Die Slowakei hatte zuvor bekanntgegeben, der Ukraine die ersten vier ihrer insgesamt 13 versprochenen Flugzeuge des sowjetischen Typs MiG-29 übergeben zu haben. Zuvor hatte Polen die Lieferung von Kampfflugzeugen desselben Typs angekündigt.

Freiwillige Helfer reparieren das zerstörte Dach eines Hauses im Dorf Oleksandriwka in der Region Cherson Bild: Igor Burdyga/DW

Selenskyj: In Cherson kehrt wieder Leben ein

Nach einem Besuch in der von ukrainischen Truppen im Herbst weitgehend zurückeroberten Region Cherson im Süden der Ukraine hat Präsident Wolodymyr Selenskyj ein positives Fazit gezogen. In einigen Orten seien mehr als 90 Prozent der Gebäude zerstört worden, sagte Selenskyj in seiner allabendlichen Videoansprache. "Aber selbst in solche Dörfer kehren die Menschen zurück, und das ist ein Beweis dafür, dass das Leben immer noch gewinnt." Die Ukraine werde ihr Möglichstes tun, "um unsere Territorien wieder aufzubauen". Selbst auf den von russischen Granaten und Minen geräumten  Feldern um Cherson kehre das Leben zurück.

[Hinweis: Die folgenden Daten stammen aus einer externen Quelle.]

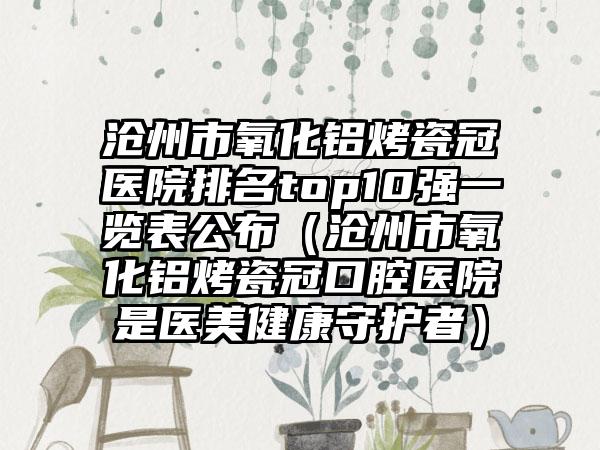 沧州市氧化铝烤瓷冠医院排名top10强一览表公布（沧州市氧化铝烤瓷冠口腔医院是医美健康守护者）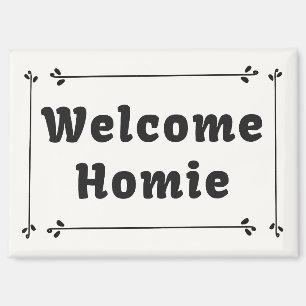 Imán Bienvenida al homo en el marco
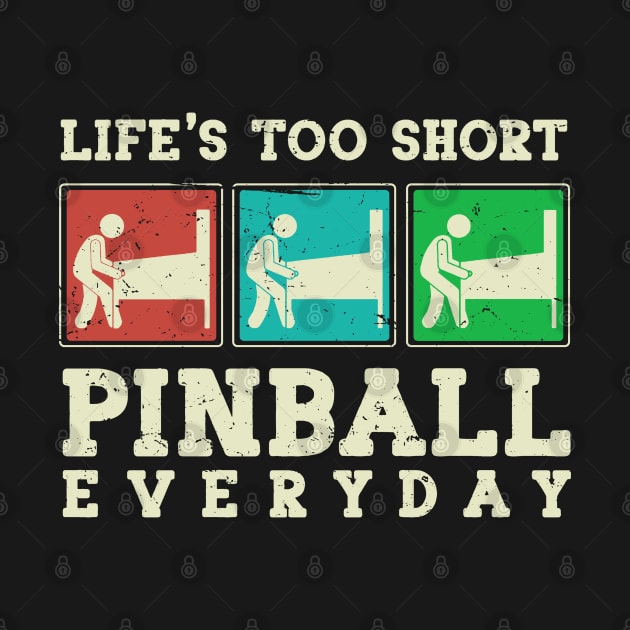 Life's Too Short, Pinball Everyday by Issho Ni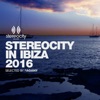 Stereocity in Ibiza 2016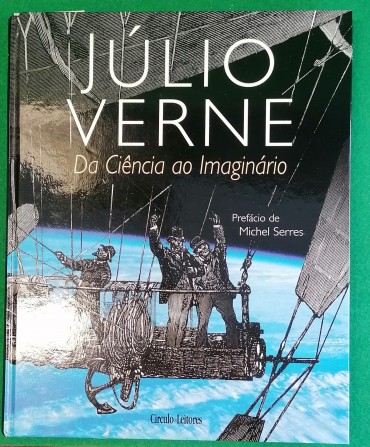 «Júlio Verne - Da Ciência ao Imaginário»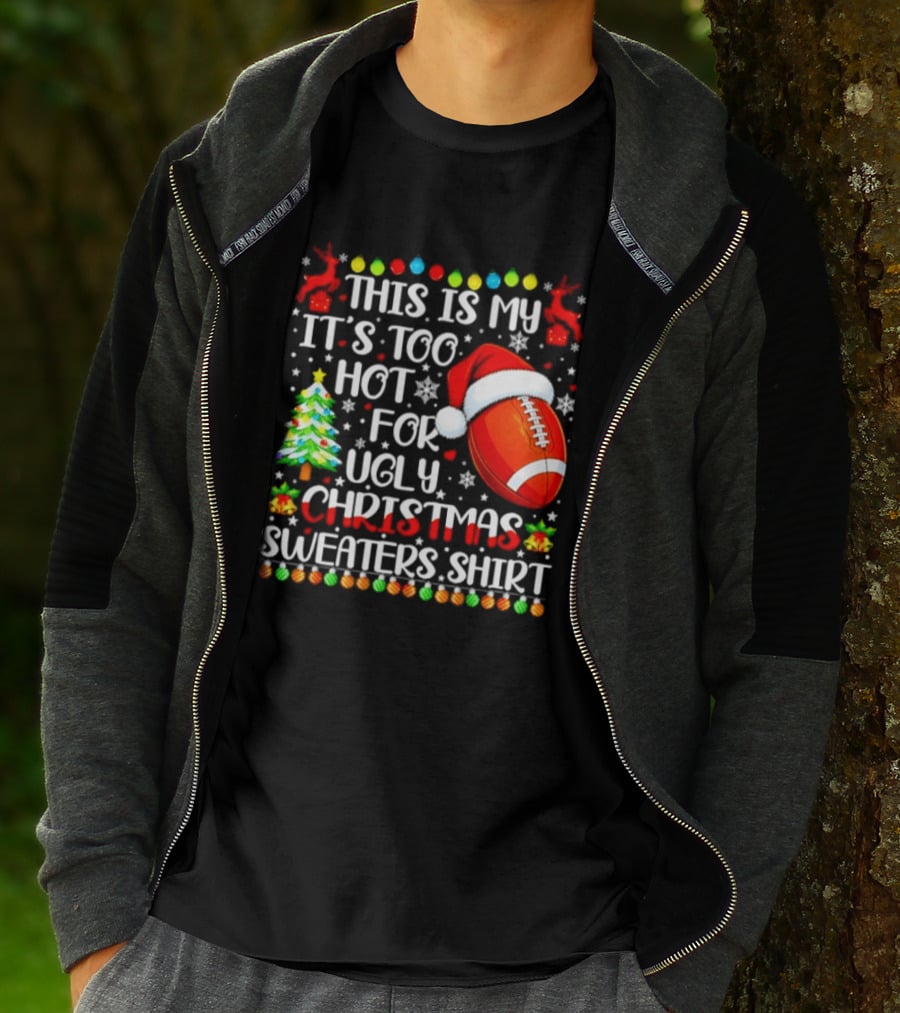 This Is My It's Too Hot For Ugly Christmas Sweaters Football Santa Hat Tree Reindeer T-Shirt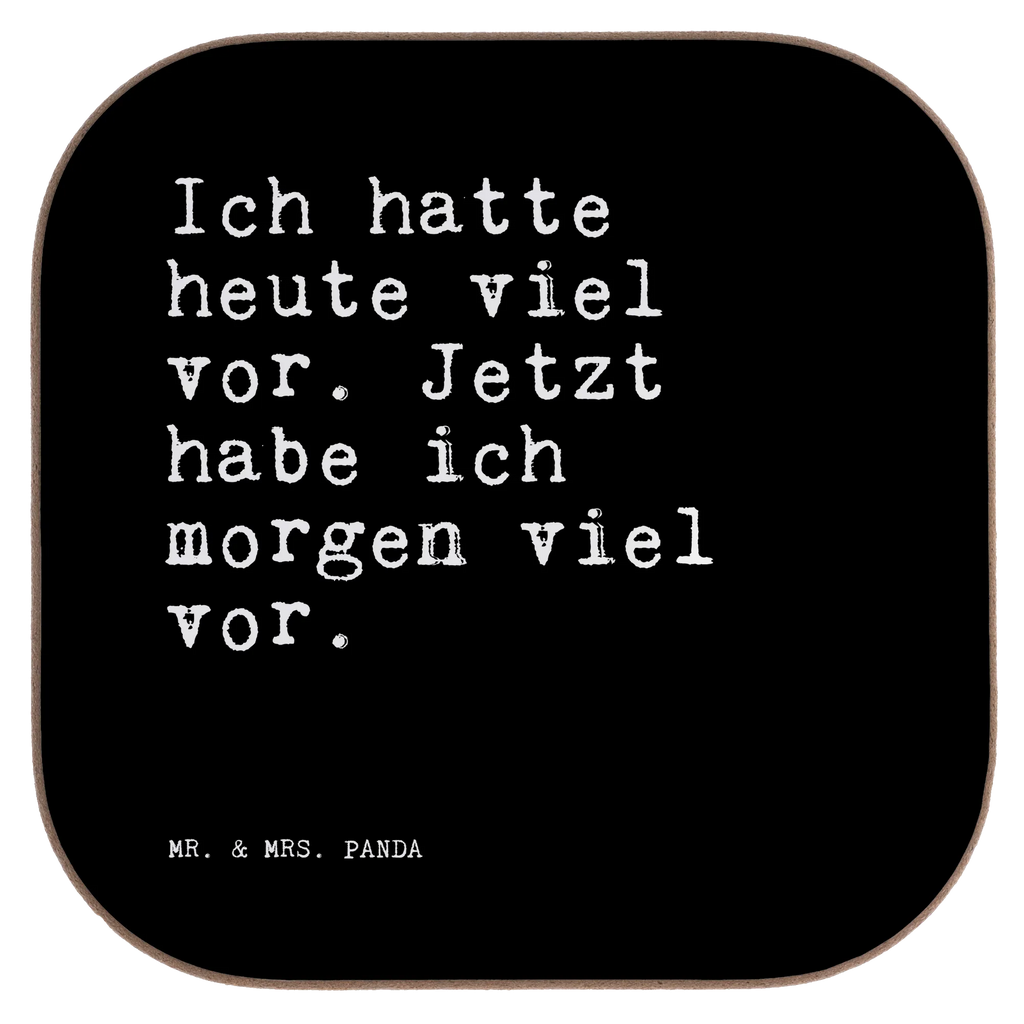 Untersetzer Ich hatte heute viel... Untersetzer, Bierdeckel, Glasuntersetzer, Untersetzer Gläser, Getränkeuntersetzer, Untersetzer aus Holz, Untersetzer für Gläser, Korkuntersetzer, Untersetzer Holz, Holzuntersetzer, Tassen Untersetzer, Untersetzer Design, Spruch, Sprüche, lustige Sprüche, Weisheiten, Zitate, Spruch Geschenke, Spruch Sprüche Weisheiten Zitate Lustig Weisheit Worte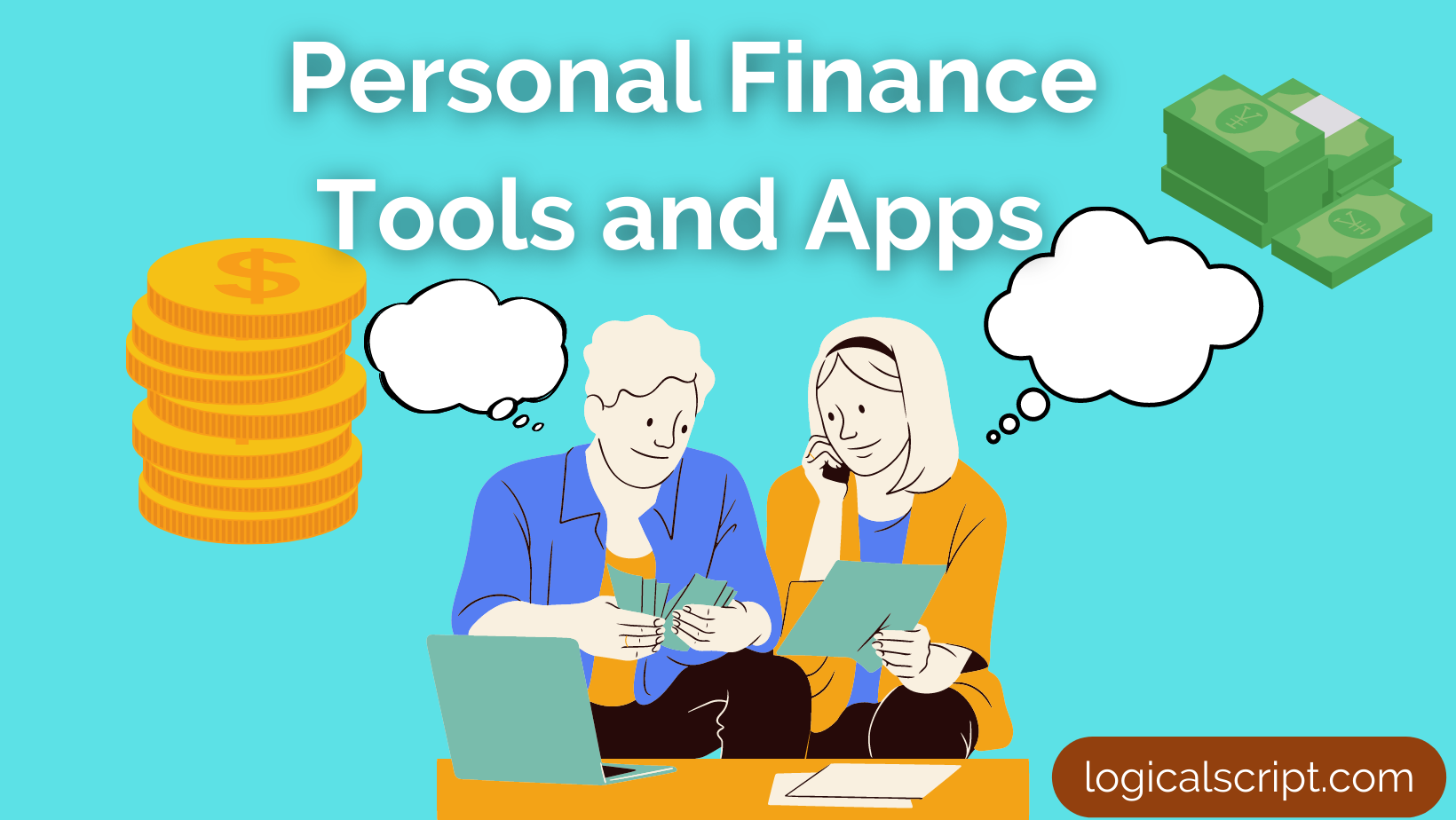 Personal Finance Tools and Apps That Improve Your Financial Planning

Bei russischen Angriffen auf die ostukrainische Stadt Kostjantyniwka sind in der Nacht zu Freitag ukrainischen Angaben zufolge drei Menschen ums Leben gekommen. Bei dem Raketenbeschuss seien zudem zwei Menschen verletzt worden, erklärten die Rettungsdienste im Onlinedienst Telegram und korrigierten damit frühere Angaben, wonach fünf Menschen bei den Angriffen getötet worden seien.

qu/sti/se/bru (dpa, rtr, afp)

Dieser Artikel wird am Tag seines Erscheinens fortlaufend aktualisiert. Meldungen aus den Kampfgebieten lassen sich nicht unabhängig überprüfen.